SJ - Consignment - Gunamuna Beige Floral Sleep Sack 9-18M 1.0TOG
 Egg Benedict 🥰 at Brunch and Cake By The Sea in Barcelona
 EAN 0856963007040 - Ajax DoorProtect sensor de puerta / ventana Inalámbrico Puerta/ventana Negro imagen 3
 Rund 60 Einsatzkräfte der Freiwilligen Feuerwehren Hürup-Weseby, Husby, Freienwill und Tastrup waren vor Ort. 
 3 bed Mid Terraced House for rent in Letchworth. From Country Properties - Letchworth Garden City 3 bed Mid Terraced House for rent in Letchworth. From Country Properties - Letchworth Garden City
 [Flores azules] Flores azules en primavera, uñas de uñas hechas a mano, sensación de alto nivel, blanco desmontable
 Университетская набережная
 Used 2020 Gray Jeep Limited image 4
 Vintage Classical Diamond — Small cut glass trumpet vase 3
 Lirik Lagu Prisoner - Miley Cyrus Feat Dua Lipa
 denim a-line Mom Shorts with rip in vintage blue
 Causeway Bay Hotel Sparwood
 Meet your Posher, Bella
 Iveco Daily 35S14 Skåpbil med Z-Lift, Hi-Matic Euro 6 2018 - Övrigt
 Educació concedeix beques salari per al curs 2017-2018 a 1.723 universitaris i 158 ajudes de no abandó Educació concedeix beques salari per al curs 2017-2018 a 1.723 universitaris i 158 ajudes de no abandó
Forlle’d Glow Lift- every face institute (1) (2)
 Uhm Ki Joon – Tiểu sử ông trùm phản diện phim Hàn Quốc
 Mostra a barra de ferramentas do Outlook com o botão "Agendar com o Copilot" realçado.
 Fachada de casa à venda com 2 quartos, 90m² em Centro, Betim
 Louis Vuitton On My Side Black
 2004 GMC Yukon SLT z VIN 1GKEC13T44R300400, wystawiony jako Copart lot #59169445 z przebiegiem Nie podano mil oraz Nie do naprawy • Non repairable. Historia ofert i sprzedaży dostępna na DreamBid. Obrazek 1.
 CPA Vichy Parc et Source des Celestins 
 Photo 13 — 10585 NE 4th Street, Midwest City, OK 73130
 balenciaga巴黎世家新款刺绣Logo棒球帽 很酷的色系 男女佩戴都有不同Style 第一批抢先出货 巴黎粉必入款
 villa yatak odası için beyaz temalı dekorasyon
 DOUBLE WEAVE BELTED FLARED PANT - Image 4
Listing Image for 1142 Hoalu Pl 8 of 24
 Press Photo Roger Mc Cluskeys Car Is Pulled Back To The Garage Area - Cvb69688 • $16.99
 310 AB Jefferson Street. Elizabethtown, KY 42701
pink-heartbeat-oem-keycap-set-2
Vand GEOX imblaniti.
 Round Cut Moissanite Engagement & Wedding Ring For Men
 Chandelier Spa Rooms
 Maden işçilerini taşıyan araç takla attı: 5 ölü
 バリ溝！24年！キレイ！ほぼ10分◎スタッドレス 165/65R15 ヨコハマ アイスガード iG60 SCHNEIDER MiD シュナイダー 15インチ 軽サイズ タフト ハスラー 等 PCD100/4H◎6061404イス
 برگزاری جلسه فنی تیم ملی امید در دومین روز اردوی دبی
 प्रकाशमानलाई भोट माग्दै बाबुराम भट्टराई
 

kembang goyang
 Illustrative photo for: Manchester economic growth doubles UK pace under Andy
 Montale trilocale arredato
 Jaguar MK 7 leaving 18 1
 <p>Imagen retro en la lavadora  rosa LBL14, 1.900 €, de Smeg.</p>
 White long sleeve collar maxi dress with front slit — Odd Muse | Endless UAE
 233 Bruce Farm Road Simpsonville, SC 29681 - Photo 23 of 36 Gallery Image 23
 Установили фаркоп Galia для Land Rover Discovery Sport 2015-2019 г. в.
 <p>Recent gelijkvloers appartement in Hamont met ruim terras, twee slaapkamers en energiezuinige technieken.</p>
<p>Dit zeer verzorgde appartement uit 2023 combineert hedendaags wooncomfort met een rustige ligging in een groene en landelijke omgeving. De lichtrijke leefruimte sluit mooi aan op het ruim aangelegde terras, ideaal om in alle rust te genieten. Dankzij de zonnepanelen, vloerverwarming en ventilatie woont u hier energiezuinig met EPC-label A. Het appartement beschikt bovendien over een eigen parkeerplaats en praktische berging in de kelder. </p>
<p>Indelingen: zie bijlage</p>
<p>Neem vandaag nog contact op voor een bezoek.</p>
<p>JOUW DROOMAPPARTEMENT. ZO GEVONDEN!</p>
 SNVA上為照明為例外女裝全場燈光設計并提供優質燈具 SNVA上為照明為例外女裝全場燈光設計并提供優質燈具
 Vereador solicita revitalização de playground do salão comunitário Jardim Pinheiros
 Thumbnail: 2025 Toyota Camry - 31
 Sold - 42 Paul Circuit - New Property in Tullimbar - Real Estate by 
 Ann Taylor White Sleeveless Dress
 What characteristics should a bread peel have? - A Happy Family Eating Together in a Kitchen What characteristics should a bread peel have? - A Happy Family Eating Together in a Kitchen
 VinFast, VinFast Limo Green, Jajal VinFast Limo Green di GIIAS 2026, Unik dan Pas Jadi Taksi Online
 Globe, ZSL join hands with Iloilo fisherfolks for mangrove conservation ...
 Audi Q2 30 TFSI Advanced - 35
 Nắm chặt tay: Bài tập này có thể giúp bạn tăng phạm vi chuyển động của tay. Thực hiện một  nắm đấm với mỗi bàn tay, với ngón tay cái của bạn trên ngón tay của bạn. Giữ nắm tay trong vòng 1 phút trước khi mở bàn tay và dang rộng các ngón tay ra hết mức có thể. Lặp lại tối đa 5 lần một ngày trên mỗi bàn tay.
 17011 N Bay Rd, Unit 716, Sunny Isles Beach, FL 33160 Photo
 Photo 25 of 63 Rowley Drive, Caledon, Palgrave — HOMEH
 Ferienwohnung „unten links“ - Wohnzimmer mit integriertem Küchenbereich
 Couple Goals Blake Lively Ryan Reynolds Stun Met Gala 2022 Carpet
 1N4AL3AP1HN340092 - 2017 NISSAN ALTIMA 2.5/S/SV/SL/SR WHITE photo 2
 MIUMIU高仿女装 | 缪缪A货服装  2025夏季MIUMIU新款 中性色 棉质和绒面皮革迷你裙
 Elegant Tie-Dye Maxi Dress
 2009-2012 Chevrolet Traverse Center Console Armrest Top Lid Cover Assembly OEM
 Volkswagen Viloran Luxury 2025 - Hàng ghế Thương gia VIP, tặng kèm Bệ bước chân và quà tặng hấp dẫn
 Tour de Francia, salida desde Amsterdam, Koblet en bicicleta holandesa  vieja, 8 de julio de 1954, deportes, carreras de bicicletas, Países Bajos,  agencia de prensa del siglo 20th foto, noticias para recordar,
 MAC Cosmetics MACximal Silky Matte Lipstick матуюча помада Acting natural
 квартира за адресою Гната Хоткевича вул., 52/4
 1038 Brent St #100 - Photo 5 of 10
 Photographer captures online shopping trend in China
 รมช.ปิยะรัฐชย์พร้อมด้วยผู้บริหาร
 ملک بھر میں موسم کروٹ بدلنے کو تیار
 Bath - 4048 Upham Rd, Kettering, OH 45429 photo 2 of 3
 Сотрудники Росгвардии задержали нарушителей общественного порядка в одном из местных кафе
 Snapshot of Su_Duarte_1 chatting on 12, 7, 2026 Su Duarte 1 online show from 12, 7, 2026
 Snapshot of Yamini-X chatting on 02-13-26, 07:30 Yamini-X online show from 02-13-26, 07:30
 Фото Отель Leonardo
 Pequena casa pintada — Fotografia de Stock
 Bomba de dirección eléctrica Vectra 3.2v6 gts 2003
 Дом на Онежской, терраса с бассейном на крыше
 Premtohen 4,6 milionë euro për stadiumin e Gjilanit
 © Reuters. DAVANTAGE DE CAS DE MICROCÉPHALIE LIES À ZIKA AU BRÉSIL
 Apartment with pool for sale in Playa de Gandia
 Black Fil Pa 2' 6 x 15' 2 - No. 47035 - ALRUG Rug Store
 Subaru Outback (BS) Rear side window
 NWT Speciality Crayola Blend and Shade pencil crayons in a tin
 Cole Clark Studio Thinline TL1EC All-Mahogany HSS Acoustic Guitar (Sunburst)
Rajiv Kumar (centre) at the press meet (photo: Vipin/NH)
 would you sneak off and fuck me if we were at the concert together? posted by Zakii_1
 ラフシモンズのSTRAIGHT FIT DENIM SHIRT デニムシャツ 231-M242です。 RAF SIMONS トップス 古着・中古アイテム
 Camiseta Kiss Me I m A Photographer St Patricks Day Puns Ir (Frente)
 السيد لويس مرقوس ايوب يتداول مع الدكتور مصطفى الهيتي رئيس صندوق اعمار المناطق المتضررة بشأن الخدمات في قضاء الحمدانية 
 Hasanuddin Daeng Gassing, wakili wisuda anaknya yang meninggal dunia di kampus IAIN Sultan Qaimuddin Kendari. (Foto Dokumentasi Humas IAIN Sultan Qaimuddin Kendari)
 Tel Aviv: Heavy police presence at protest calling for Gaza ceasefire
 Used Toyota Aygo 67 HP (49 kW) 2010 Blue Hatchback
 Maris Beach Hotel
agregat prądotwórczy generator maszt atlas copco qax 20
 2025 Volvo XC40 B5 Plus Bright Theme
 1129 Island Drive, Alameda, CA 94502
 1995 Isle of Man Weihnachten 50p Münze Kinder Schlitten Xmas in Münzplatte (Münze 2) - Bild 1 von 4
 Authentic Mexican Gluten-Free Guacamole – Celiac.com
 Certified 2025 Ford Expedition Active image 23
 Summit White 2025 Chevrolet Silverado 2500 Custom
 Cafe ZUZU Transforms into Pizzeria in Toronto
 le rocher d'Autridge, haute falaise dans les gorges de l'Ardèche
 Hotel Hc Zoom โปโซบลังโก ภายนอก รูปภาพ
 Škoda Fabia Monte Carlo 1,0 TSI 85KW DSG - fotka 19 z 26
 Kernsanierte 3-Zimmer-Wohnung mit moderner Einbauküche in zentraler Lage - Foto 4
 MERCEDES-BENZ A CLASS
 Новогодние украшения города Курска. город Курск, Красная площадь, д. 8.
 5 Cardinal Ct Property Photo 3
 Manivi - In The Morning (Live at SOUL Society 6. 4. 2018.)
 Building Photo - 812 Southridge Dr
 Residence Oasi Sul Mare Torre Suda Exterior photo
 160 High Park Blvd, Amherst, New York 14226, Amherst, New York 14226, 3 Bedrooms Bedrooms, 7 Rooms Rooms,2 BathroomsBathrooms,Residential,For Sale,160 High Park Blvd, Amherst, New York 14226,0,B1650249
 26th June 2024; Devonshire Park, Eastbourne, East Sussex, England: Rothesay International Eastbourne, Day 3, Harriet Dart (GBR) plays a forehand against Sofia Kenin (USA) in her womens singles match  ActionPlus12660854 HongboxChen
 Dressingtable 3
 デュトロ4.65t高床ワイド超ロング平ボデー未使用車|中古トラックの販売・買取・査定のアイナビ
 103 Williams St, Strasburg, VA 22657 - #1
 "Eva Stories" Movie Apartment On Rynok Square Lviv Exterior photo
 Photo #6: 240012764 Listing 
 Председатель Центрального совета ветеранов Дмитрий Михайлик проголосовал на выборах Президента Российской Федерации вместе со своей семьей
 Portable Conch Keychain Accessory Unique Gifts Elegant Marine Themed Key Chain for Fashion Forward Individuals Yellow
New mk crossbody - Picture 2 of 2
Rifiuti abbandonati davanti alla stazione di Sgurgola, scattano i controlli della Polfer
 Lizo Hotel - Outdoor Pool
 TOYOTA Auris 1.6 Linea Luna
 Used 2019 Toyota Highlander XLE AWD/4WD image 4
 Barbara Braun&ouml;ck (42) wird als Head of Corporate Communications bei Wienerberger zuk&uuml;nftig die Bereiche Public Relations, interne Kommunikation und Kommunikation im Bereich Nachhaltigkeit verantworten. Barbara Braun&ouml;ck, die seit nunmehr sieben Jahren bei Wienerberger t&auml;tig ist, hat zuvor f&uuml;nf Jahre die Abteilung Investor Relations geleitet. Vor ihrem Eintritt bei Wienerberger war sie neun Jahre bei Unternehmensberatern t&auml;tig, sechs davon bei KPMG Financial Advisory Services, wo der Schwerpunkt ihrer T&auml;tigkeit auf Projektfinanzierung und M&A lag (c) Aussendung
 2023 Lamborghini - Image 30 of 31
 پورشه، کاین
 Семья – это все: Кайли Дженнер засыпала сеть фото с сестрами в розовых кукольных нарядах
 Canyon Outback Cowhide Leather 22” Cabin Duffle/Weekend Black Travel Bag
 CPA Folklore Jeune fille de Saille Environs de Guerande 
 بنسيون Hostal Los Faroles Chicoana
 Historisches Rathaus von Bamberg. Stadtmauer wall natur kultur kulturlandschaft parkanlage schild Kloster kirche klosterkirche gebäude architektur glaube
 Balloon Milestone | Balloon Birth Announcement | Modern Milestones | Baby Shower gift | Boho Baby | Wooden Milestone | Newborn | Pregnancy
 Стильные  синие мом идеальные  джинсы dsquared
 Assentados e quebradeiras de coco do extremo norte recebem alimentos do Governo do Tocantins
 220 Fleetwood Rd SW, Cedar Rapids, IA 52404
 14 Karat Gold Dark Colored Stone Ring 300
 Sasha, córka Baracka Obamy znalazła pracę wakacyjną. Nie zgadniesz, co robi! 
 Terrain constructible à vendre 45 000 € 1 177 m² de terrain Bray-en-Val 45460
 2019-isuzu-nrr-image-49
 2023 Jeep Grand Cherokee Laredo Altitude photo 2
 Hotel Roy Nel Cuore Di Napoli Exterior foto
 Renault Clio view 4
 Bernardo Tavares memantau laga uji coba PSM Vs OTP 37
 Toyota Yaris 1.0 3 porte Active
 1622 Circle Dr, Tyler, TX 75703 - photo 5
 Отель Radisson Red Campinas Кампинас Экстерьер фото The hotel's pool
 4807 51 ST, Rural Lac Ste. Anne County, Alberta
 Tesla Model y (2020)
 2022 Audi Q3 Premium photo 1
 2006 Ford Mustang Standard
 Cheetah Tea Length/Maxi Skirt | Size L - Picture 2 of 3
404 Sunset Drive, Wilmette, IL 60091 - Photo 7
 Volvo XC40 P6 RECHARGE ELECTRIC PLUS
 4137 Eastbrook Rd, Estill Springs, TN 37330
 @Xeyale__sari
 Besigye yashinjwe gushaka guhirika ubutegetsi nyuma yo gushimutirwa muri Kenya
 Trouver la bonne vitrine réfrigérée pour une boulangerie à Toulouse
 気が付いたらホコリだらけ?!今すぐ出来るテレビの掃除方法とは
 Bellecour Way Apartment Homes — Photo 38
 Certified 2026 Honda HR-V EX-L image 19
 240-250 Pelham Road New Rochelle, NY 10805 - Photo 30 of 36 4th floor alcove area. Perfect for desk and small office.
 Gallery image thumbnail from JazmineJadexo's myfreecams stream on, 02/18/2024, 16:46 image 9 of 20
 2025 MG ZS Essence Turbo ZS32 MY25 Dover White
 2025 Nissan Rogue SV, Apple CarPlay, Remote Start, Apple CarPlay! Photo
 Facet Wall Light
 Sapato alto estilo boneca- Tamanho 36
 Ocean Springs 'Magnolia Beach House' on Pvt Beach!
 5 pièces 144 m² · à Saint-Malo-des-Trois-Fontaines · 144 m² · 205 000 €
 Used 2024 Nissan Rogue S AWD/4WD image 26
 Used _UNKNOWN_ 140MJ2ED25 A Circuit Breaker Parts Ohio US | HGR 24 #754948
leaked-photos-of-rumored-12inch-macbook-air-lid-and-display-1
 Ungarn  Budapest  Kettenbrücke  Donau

__PROBLEM TO WORK ON__.
Please give back exactly the lines of this listing beginning at the line with "Used 2019 Toyota" and ending with the line with "синие мом идеальные", both included, and nothing else.

__RESPONSE TO THIS TASK__.
 Used 2019 Toyota Highlander XLE AWD/4WD image 4
 Barbara Braun&ouml;ck (42) wird als Head of Corporate Communications bei Wienerberger zuk&uuml;nftig die Bereiche Public Relations, interne Kommunikation und Kommunikation im Bereich Nachhaltigkeit verantworten. Barbara Braun&ouml;ck, die seit nunmehr sieben Jahren bei Wienerberger t&auml;tig ist, hat zuvor f&uuml;nf Jahre die Abteilung Investor Relations geleitet. Vor ihrem Eintritt bei Wienerberger war sie neun Jahre bei Unternehmensberatern t&auml;tig, sechs davon bei KPMG Financial Advisory Services, wo der Schwerpunkt ihrer T&auml;tigkeit auf Projektfinanzierung und M&A lag (c) Aussendung
 2023 Lamborghini - Image 30 of 31
 پورشه، کاین
 Семья – это все: Кайли Дженнер засыпала сеть фото с сестрами в розовых кукольных нарядах
 Canyon Outback Cowhide Leather 22” Cabin Duffle/Weekend Black Travel Bag
 CPA Folklore Jeune fille de Saille Environs de Guerande 
 بنسيون Hostal Los Faroles Chicoana
 Historisches Rathaus von Bamberg. Stadtmauer wall natur kultur kulturlandschaft parkanlage schild Kloster kirche klosterkirche gebäude architektur glaube
 Balloon Milestone | Balloon Birth Announcement | Modern Milestones | Baby Shower gift | Boho Baby | Wooden Milestone | Newborn | Pregnancy
 Стильные  синие мом идеальные  джинсы dsquared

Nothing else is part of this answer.